» **Dataset content**
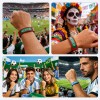 2026 México De La Copa Del Mundo Animando Pulsera-2 Piezas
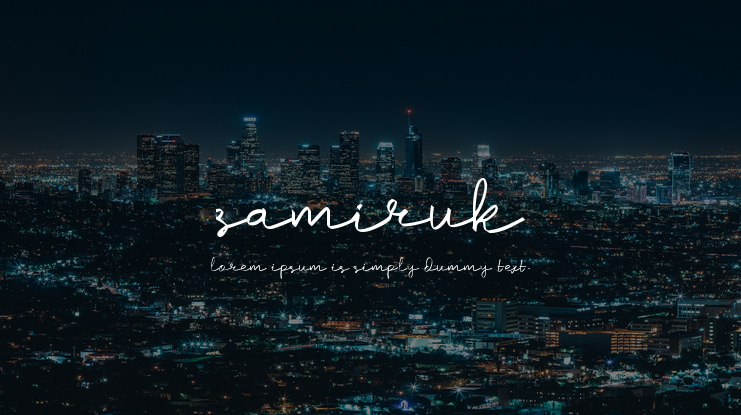 samiruk Font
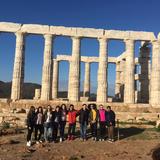 A Fantis School Photo - 8th Graders visit Greece as part of a multi-year cultural exchange program.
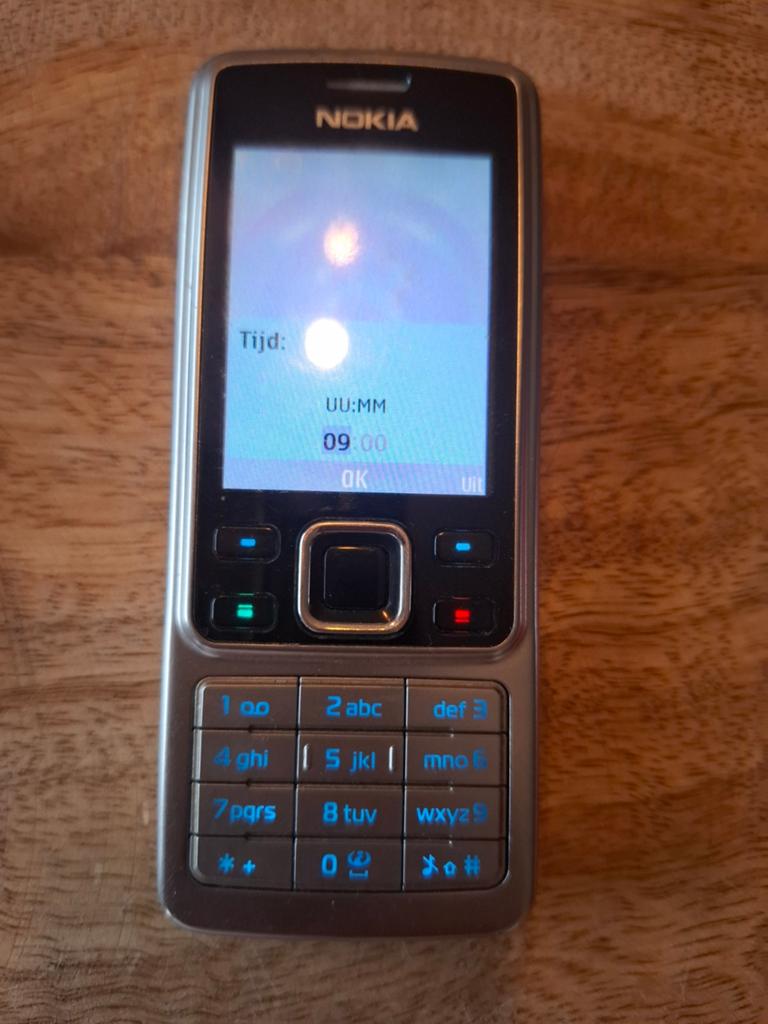 Nokia 6300 - Klassieke telefoon in werkende staat, Gebruikt, Fysiek toetsenbord, Ophalen of Verzenden, Minder dan 3 megapixel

» **Directions for this task**
A faithful copy is needed of the lines from the one containing "A Fantis School" through the last line of the data above, with pictures left out.

» **Reply**
 A Fantis School Photo - 8th Graders visit Greece as part of a multi-year cultural exchange program.
 Nokia 6300 - Klassieke telefoon in werkende staat, Gebruikt, Fysiek toetsenbord, Ophalen of Verzenden, Minder dan 3 megapixel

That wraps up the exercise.